OST programs have many advantages in implementing SEL. They have flexibility in pursuing their goals and mission. They don't face the curricular demands that can undermine SEL taught in schools. They also tend to be less structured. This offers participating students more opportunities to develop relationships that enhance their SEL. 

SEL can therefore yield significant benefits in OST settings. When OST programs are intentional about SEL, it is easier for them to work together with schools. And, the more participating students can benefit.  

This brief brings a sharper focus to SEL programs that work well in OST settings. It identifies three evidence-based programs (Before the Bullying, Girls on the Run, and Wings) designed for OST. It highlights the key features and components of each program. It also breaks down grade range, program focus, instructional strategy, skill focus, and other features. 

Because there are so few SEL programs tailored for OST, this brief also identifies SEL programs adaptable to OST settings. These school-based programs focus on a variety of skills and use different teaching strategies. They provide varying levels of implementation support and have different levels of effectiveness. Practitioners can use charts to determine which programs are adaptable to their context, or have the potential to be. 

The authors conclude by offering guidelines and considerations to help OST practitioners adapt curricula and make "best fit" program decisions.  These guidelines include underlying principles of successful SEL implementation and five key considerations for program adaptation. There is also a diagram to walk practitioners through the program selection process. An attachment includes a worksheet for OST settings with three hypothetical case studies.

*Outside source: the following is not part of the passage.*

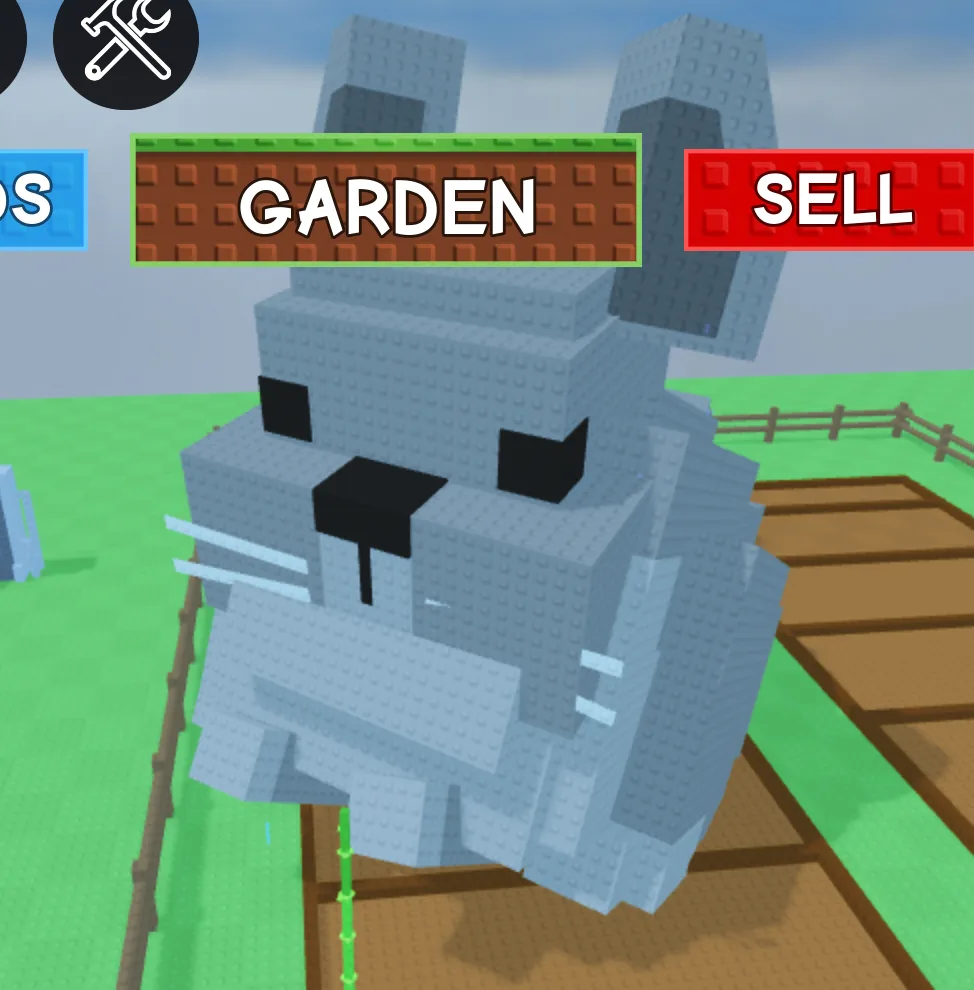 Titanic Huge Chinchilla 60kg+ Age 100 Mega Mutation — Account account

A rigorous review of afterschool programs targeting SEL found that program participants demonstrated positive changes in feelings and attitudes, behavioral adjustment, and academic performance.

Key Takeaways

  • OST programs have many advantages in implementing SEL programming because they have more flexibility and are less structured than traditional schooling. 
  • When OST programs are intentional about addressing SEL, they can partner with schools more effectively.  
  • There are relatively few SEL programs geared specifically for OST. As a result, many afterschool programs borrow from or adapt in-school SEL curriculum. 
  • A set of guidelines and considerations can help practitioners make “best fit” decisions for successful SEL adaptation and implementation.  
  • Practitioners can use charts to determine which programs are adaptable to their context, or have the potential to be.